§ What you are asked to do: Please copy the records below word for word, leaving out the pictures.

§ Source data:
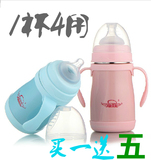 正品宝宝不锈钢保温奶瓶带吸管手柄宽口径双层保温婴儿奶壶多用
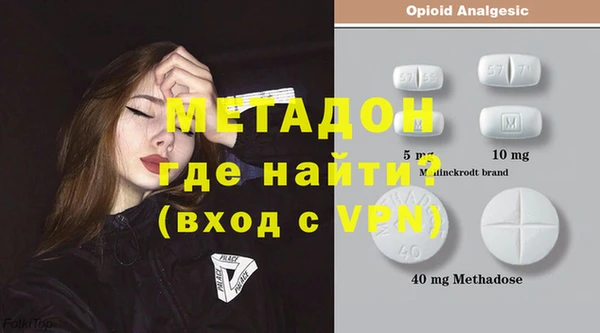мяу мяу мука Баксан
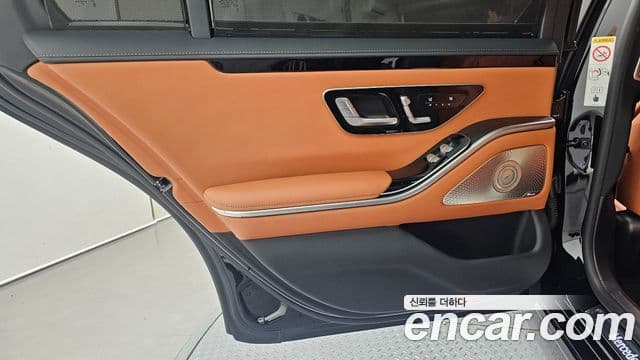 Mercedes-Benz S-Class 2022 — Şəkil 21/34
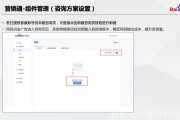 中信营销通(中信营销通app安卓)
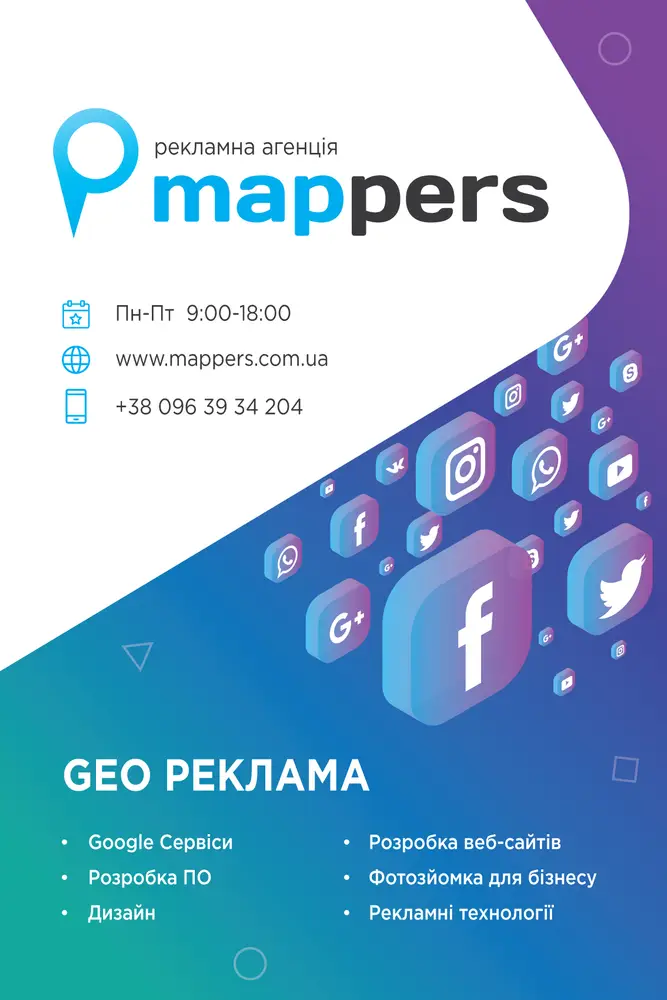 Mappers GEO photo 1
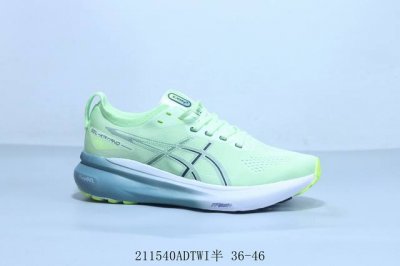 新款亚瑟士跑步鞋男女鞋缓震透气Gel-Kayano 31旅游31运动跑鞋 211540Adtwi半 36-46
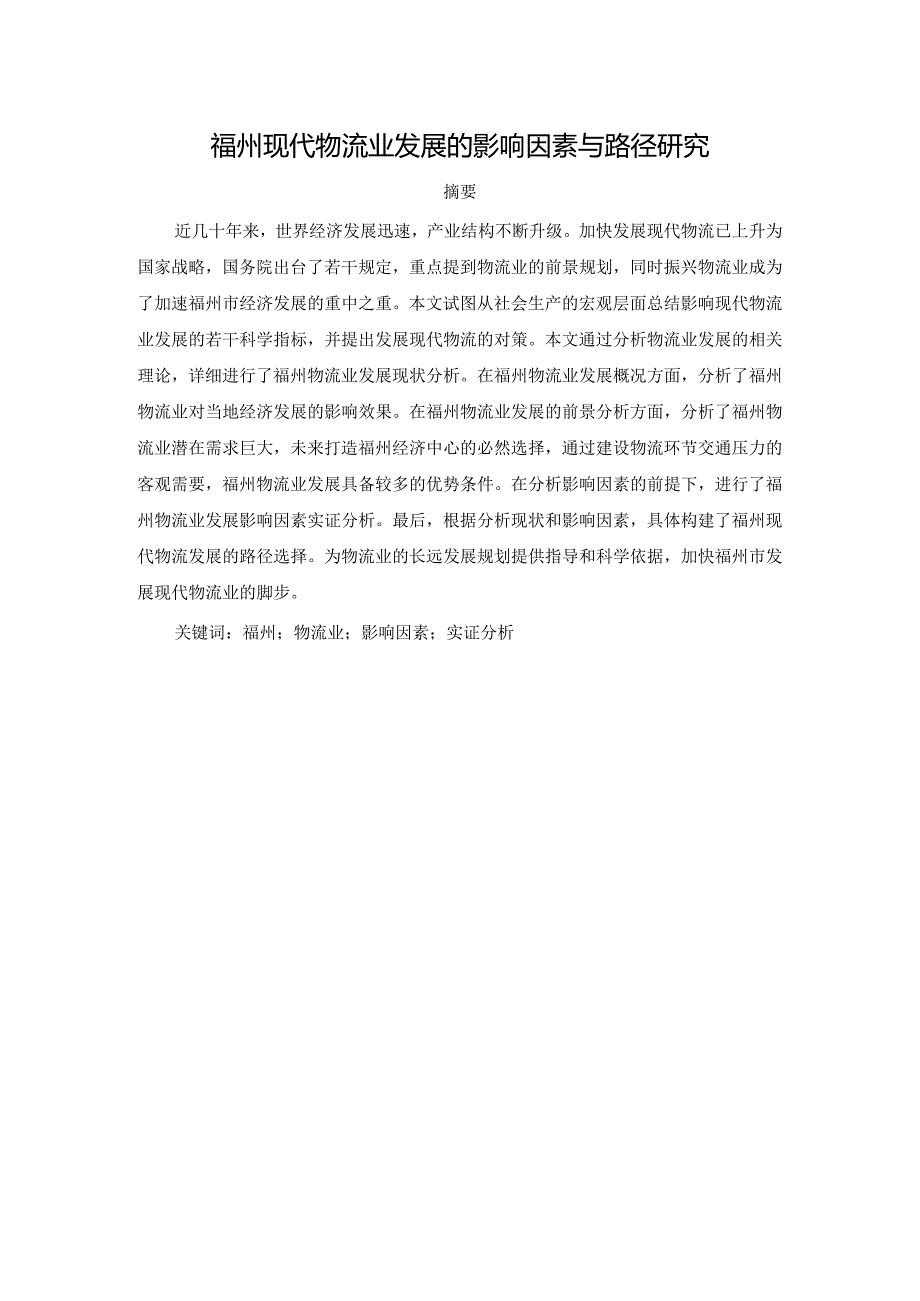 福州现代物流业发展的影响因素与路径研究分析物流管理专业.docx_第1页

§ Problem solution:
 正品宝宝不锈钢保温奶瓶带吸管手柄宽口径双层保温婴儿奶壶多用
мяу мяу мука Баксан
 Mercedes-Benz S-Class 2022 — Şəkil 21/34
 中信营销通(中信营销通app安卓)
 Mappers GEO photo 1
 新款亚瑟士跑步鞋男女鞋缓震透气Gel-Kayano 31旅游31运动跑鞋 211540Adtwi半 36-46
 福州现代物流业发展的影响因素与路径研究分析物流管理专业.docx_第1页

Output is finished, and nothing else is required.